Du willst diesen Beitrag hören statt lesen?
Klicke dazu auf den unteren Button, um den Inhalt von Soundcloud zu laden.
Das körpereigene Cannabinoid System, auch Endocannabinoid-System (ECS) genannt, reguliert zahlreiche Prozesse im Körper des Menschen. Eine der wichtigsten Funktionen des ECS ist der Schutz des Nervensystems, also die sogenannte Neuroprotektion.

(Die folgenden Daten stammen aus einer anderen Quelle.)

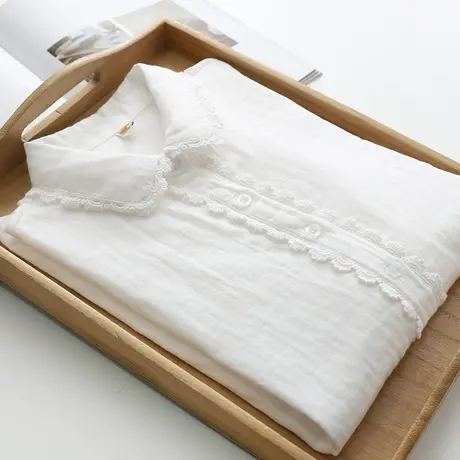 春季文艺小清新蕾丝花边双层纱纯棉长袖白衬衫女宽松百搭打底衬衣商品大图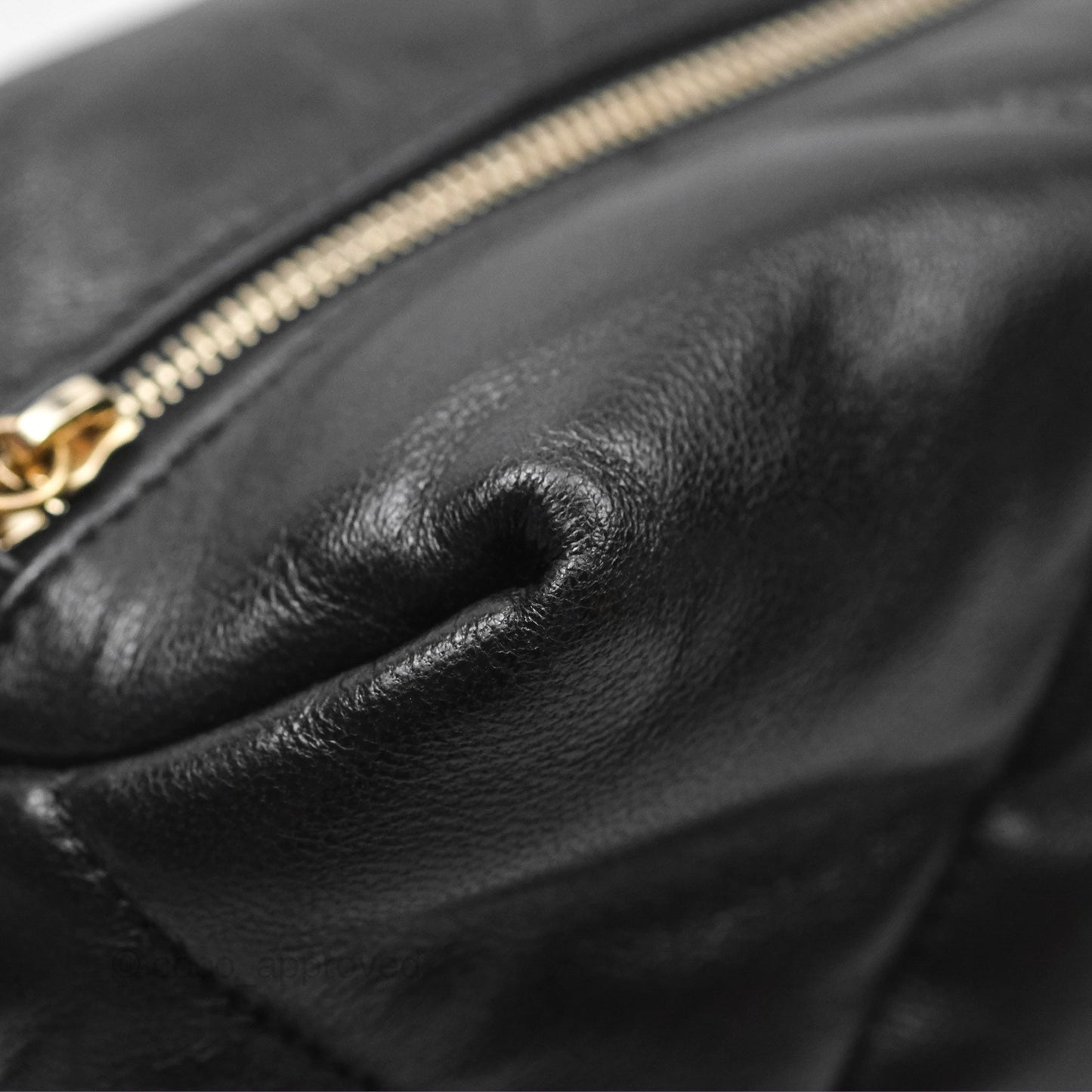 Chanel Small Quilted Bowling Bag Black Lambskin Aged Gold Hardware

Professor Raphael Mechoulam, der gleiche Wissenschaftler, der das Endocannabinoid-System entdeckte und den Cannabis Wirkstoff THC im Detail erforschte, veröffentlichte einen Artikel über diese neuroprotektive Funktion, die Cannabinoide für das zentrale Nervensystem haben.
THC ohne CB-1?
Im Verlauf von Tierversuchen mit Cannabinoiden konnte beobachtet werden, dass einige Cannabis Wirkstoffe das Zentrale Nervensystem schützen vor verletzungsbedingten Schäden, aber auch vor Schäden, die durch Reduktion von Sauerstoff und Durchblutung oder aber auch durch Vergiftung verursacht wurden. Ebenfalls schützen Cannabinoide vor neuronalen Entzündungen. Bei einem Versuch, bei welchem manchen Ratten parallel ein Gift namens Ouabain und THC verabreicht wurden, anderen nur die giftige Substanz, wiesen diejenigen, die auch THC erhielten, wesentlich geringere Hirnschwellungen auf. Nach drei Tagen zeigten sie um 30 Prozent geringere Nervenschäden als die Kontrollgruppe.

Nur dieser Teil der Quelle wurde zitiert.